**Exercise brief:** The expected output is each line from the one containing "Modern light grey sofa" to the last line of the data below, set down exactly, minus the pictures.

**Collected data:**
════════════════

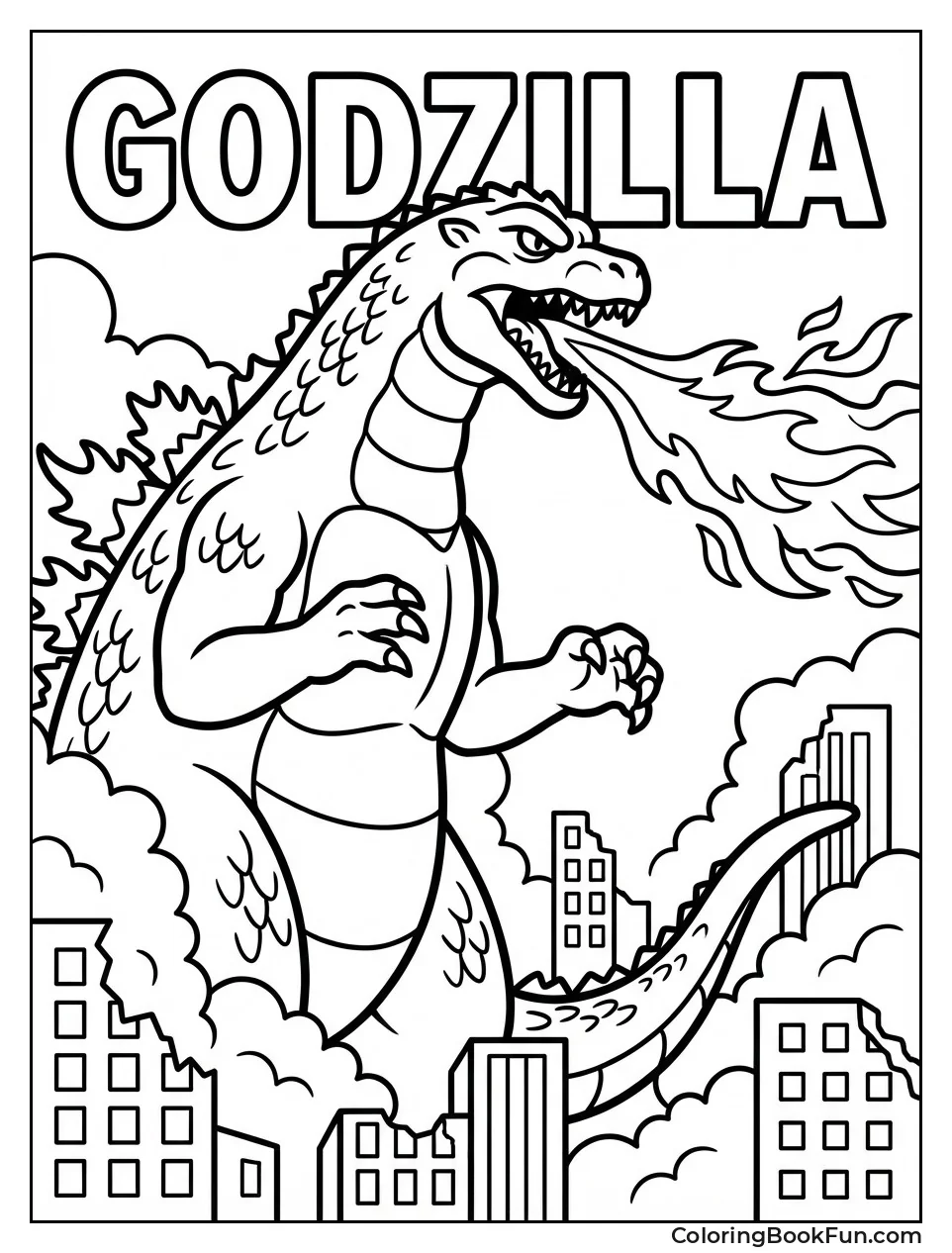 Godzilla Breathes Fire Breath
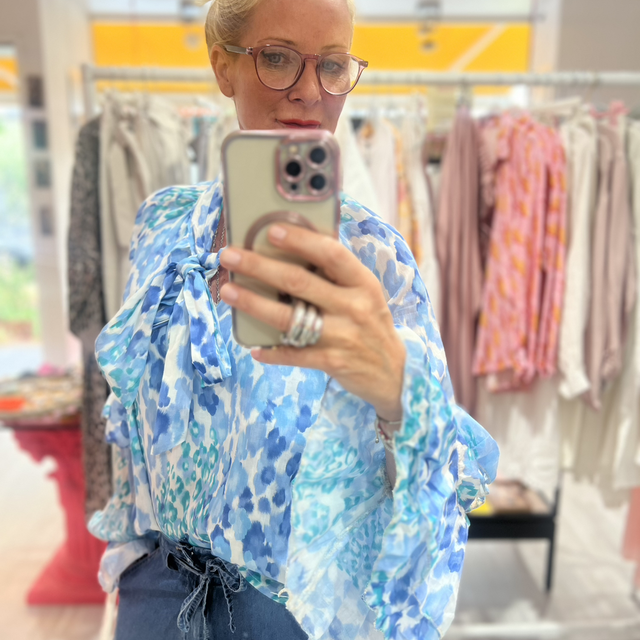 Leichte Sommerbluse one size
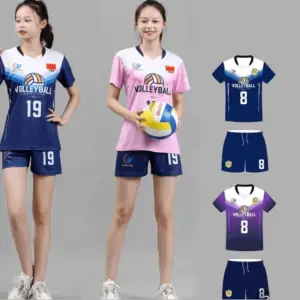 Women Team Volleyball Sets Girls Volleyball Uniforms Sports Training Suit College Volleyball Jerseys Fitness Kits DIY Custom
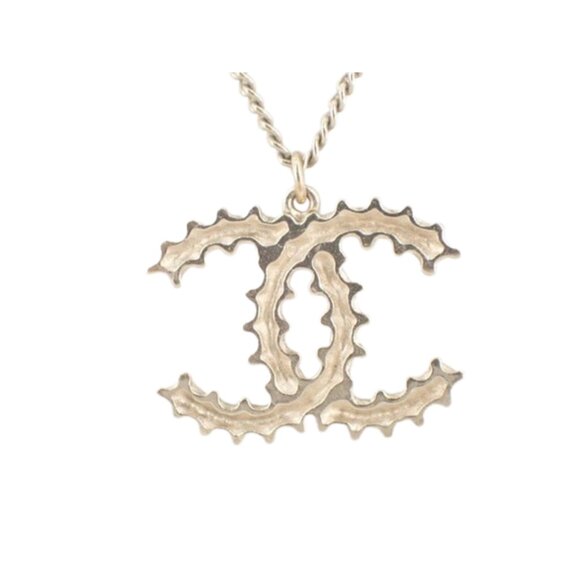 Chanel CC Logo Textured Pendant Necklace - Picture 1 of 4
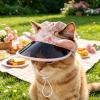 Lunaobrik Pet Sun Hat | UV Protection Cap for Small Dogs view 3
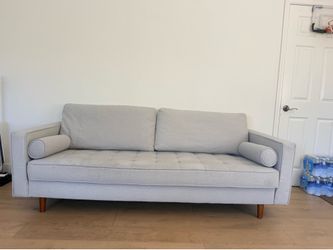 Modern light grey sofa
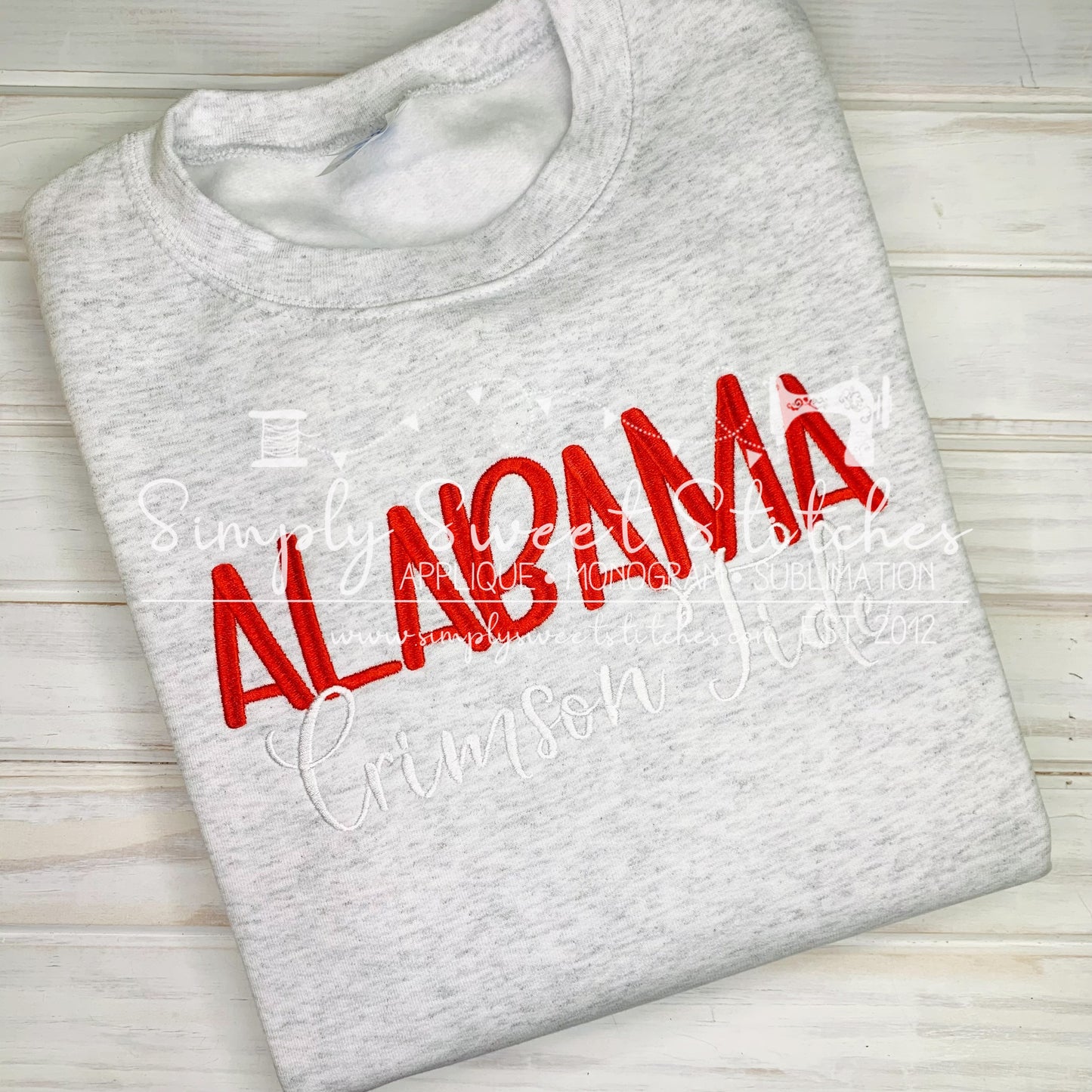 1897 - ALABAMA TEAM SPIRIT - EMBROIDERY ADULT SHIRT
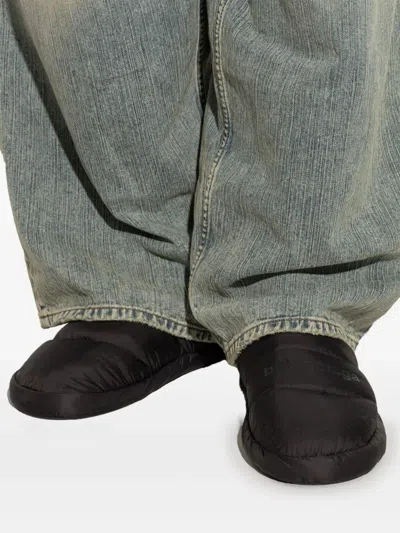 Balenciaga Polyamide And Fleece Alaska Slipper Shoes In Black
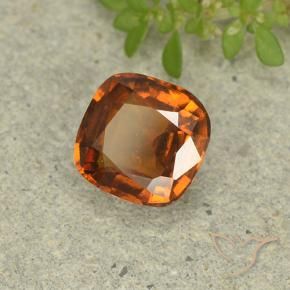 1.60 ct Orange Hessonite Garnet Stone, Natural Hessonite Garnet in Cushion-Cut Shape for Sale
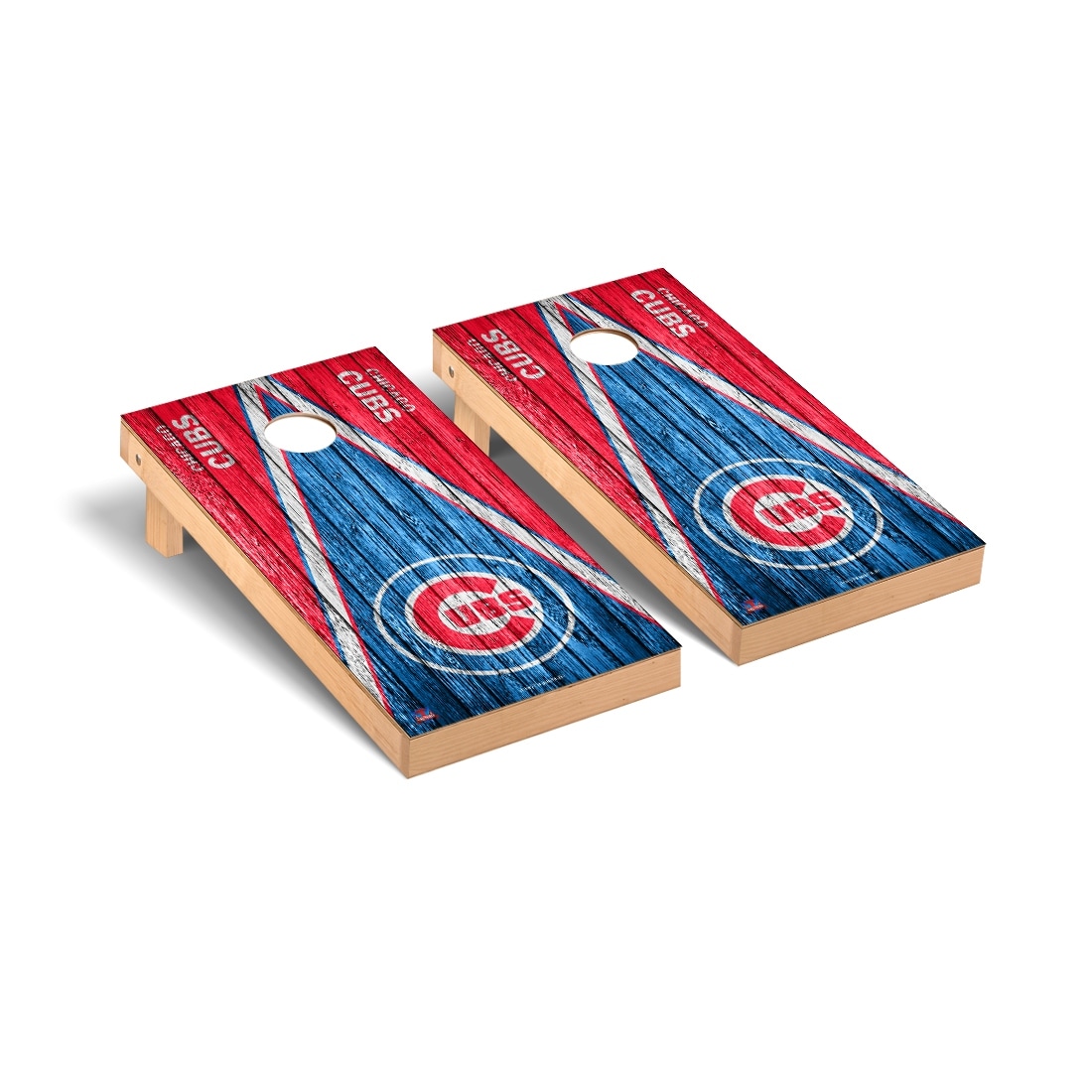 Chicago Cubs MLB Triangle Cornhole Board Set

════════════════

**Your response:**
 Modern light grey sofa
 1897 - ALABAMA TEAM SPIRIT - EMBROIDERY ADULT SHIRT
 Balenciaga Polyamide And Fleece Alaska Slipper Shoes In Black
 1.60 ct Orange Hessonite Garnet Stone, Natural Hessonite Garnet in Cushion-Cut Shape for Sale
 Chicago Cubs MLB Triangle Cornhole Board Set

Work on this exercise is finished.